Gee, who would have predicted any of that? Oh, right. Everyone. Well, everyone but Cecil Cooper.
And for all of this horrible mishandling of such a basic position battle, it was announced today that Cooper would be retained through the 2010 season. Perfect.
What Happened Was…
Houston Astros (MLB) – We all know Wandy Rodriguez can pitch at Minute Maid Park. He had his curveball working today, and allowed just two hits, striking out 10 (including five consecutive) in 7.0 innings and earning his first win of the season. Carlos Lee was 3-for-3 with an RBI, 2 runs, and a walk.
Round Rock Express (AAA) – The Express tried their hardest to lose, giving up three runs in the bottom of the eighth, but luckily they’d just scored three in the top of the eighth, as well, and beat the Iowa Cubs (CHC) 7-5. 2 home runs from Reggie Abercrombie and another from Mark Saccomanno paced the offense. Abercrombie went 2-for-3 with 4 RBI, and Saccomanno went 2-for-4 with 3 RBI. Bud Norris made it 5.1 innings, giving up 2 runs on 3 hits and 4 walks to go with his 6 strikeouts. Chad Paronto earned his second save, giving up just one hit and striking out two in as many innings.

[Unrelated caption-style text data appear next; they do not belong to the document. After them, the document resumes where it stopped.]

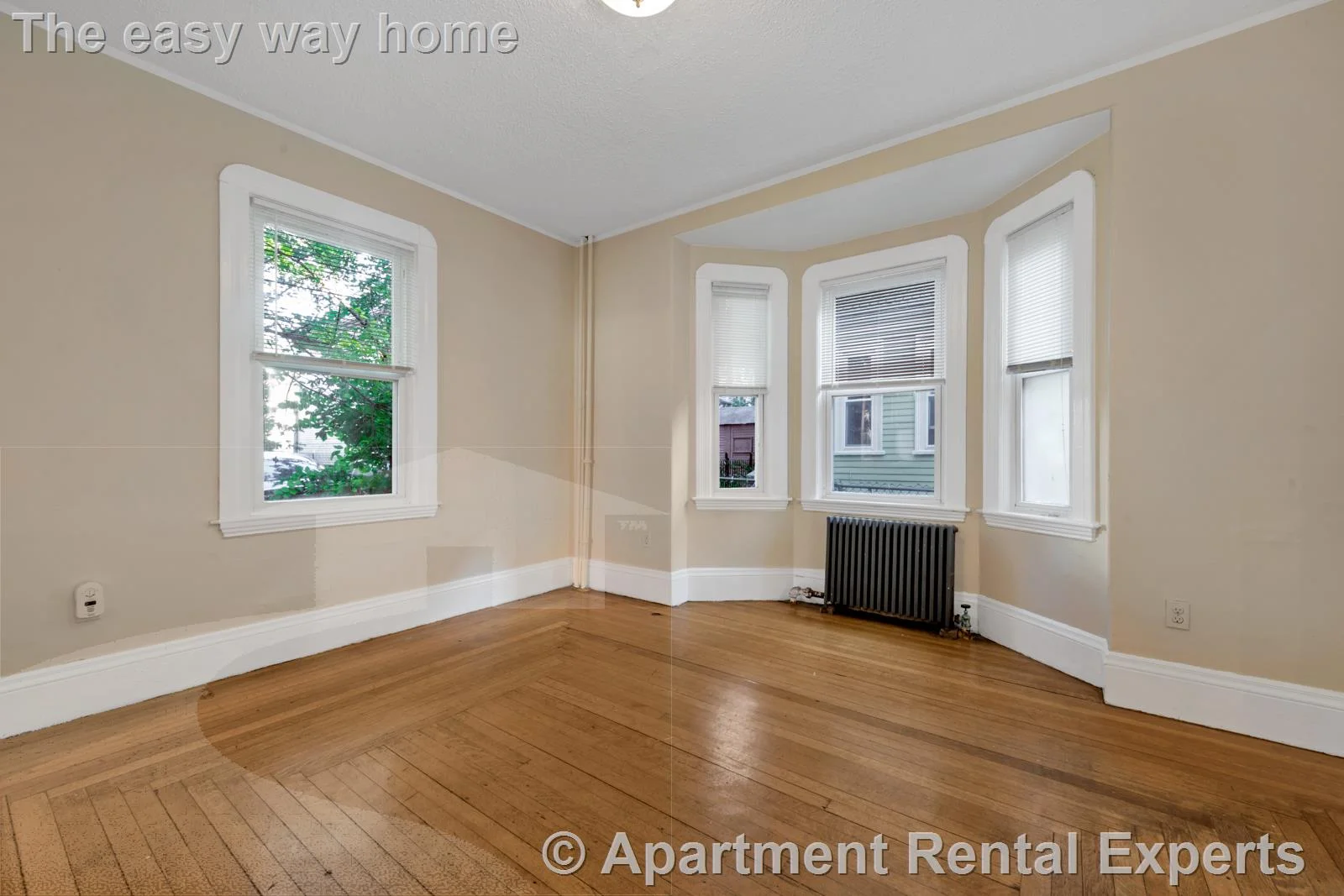 5 Murdock Ter, Brighton
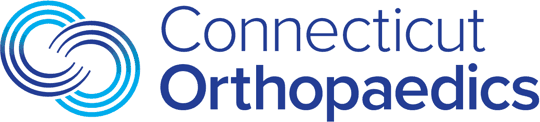 Connecticut Orthopaedics - CT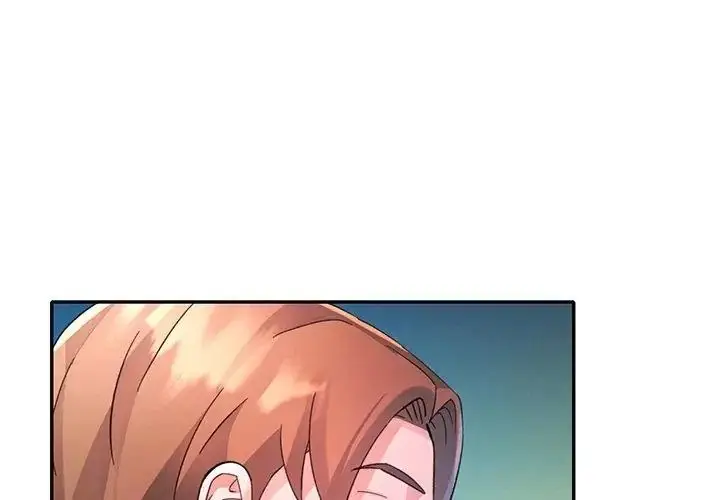 漫画《特别课程》第31话第92张图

Corpus Christi Hooks (AA) – The Hooks took a 5-3 lead into the ninth inning, and ended up losing to the Tulsa Drillers (COL) 6-5. Douglas Arguello pitched well, going 5.2 innings with 7 strikeouts, allowing 3 runs on as many hits, along with 2 walks. Paul Estrada made it just 0.2 innings before giving up 3 runs to lose the game. SS Wladimir Sutil had a career night, going 2-for-2 with 2 walks, stole 3 bases, and scored 2 runs.
Lancaster Jethawks (A+) – The Jethawks allowed 3 runs in the fifth inning, falling to the High Desert Mavericks (SEA), 4-2. David “The Other David Duncan” Duncan continued to struggle on the mound, with 4.2 IP and 3 ER, raising his ERA on the season to 14.85. Offseason acquisition Chia-Jen Lo threw 1.1 perfect innings in relief, striking out three. The offense sputtered; Jason Castro went 1-for-4 and Koby Clemens went 0-for-1 off the bench. Jack Shuck was the only Jethawk with multiple hits, going 2-for-4 and stealing a base. Phillipe Aumont, who I got on Wednesday throwing a bullpen, threw a perfect 1.1 innings in relief.
Lexington Legends (A) – The Legends continued to own the West Virginia Power (PIT), 4-0. Starter Robert Bono didn’t blow anyone away, but allowed just 5 hits and no walks through 6.0 innings to get the win. He’s now thrown 11.0 shutout innings and stands at 2-0. Jack Tilghman pitched the final three innings to earn the save, striking out 4 innings and allowing three hits and no walks. 1B Kody Hinze went 1-for-2 with a home run and a walk. OF Jay Austin finally had a good night, as well, going 2-for-3 at the plate with a walk, a run, and an RBI. He also stole his first base of the season, but also got caught on an attempt.
I’m becoming increasingly worried about Astros manager Cecil Cooper‘s mental health.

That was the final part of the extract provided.